**Activity:**
Could you retype exactly the lines below between the one holding "Sleep fun u-shaped" and the one holding "เครื่องพิมพ์ HP Ink", inclusive, leaving out any pictures?

**Input material:**
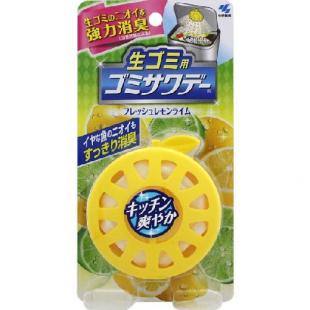 生ゴミ用ゴミサワデーフレッシュレモンライムA
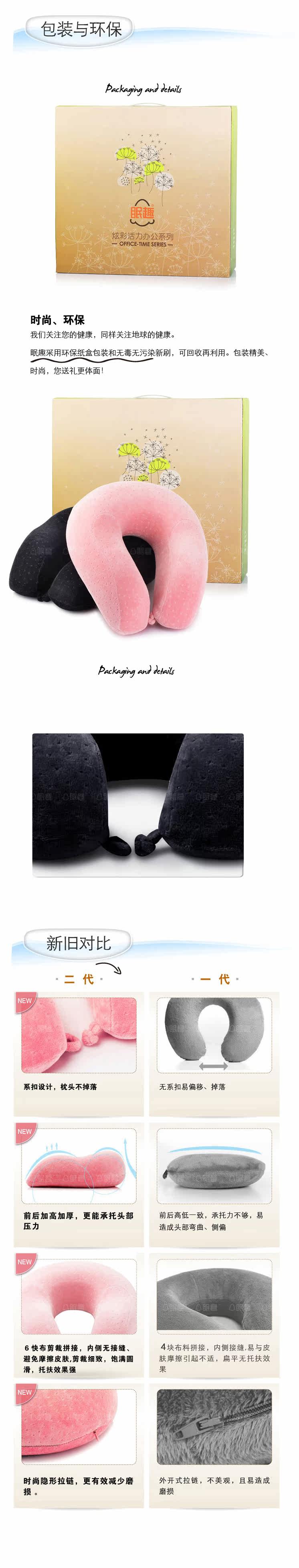 Sleep fun u-shaped travel pillow air cervical neck pillow care cute NAP pillow memory pillows package mail
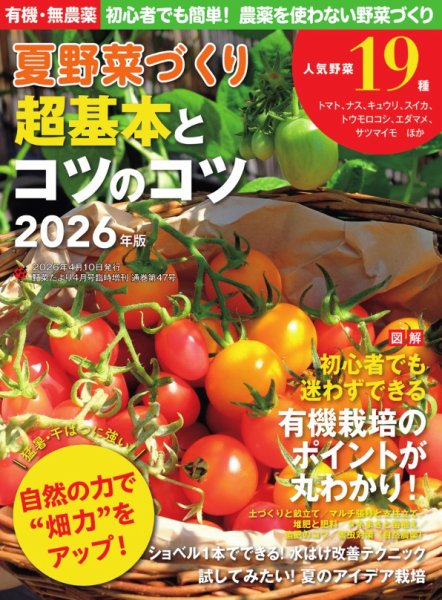 野菜だより 2026年4月号増刊 夏野菜づくり超基本とコツのコツ2026年版 (発売日2026年03月03日) 表紙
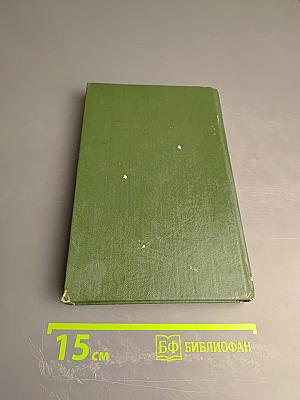 Птичка певчая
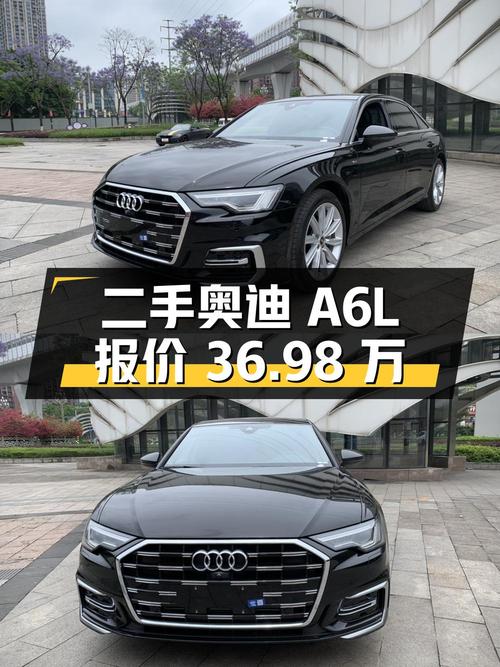 二手奥迪 A6L，2024 款 45 TFSI 臻选动感型，准新车，报价 36.98 万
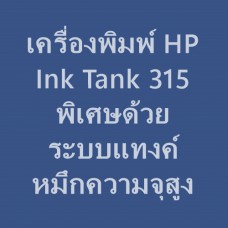 เครื่องพิมพ์ HP Ink Tank 315 พิเศษด้วยระบบแทงค์หมึกความจุสูง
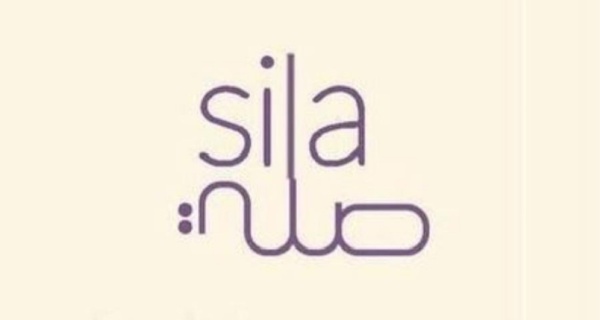 تونس تحتضن ندوة دولية لاعداد أول بروتوكول وطني للتكفل الطبي والقضائي والنفسي بضحايا العنف الجنسي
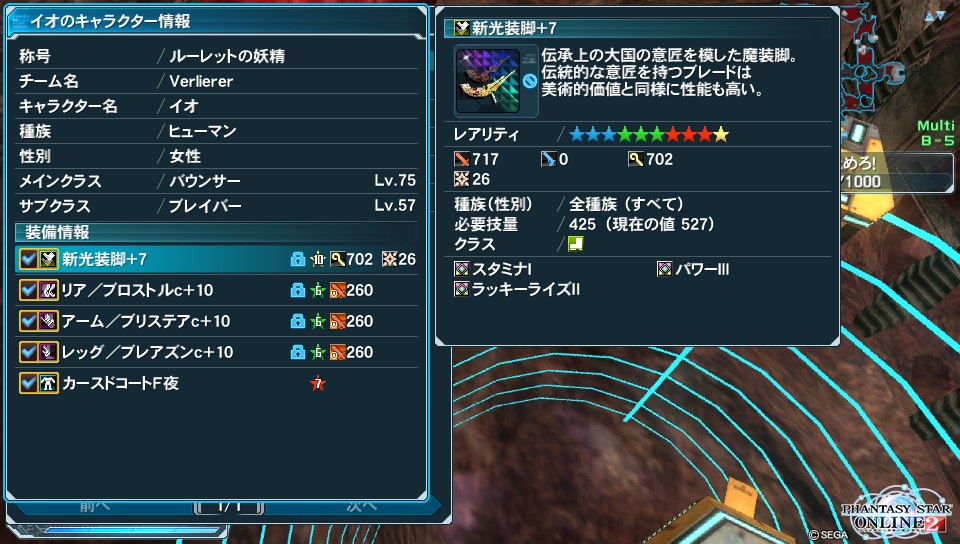 yPSO2zPHANTASY STAR ONLINE2 4INXPart14 []ڋ֎~]©2ch.net ->摜>175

**Output below:**
 Sleep fun u-shaped travel pillow air cervical neck pillow care cute NAP pillow memory pillows package mail
 野菜だより 2026年4月号増刊 夏野菜づくり超基本とコツのコツ2026年版 (発売日2026年03月03日) 表紙
 Птичка певчая
 二手奥迪 A6L，2024 款 45 TFSI 臻选动感型，准新车，报价 36.98 万
 เครื่องพิมพ์ HP Ink Tank 315 พิเศษด้วยระบบแทงค์หมึกความจุสูง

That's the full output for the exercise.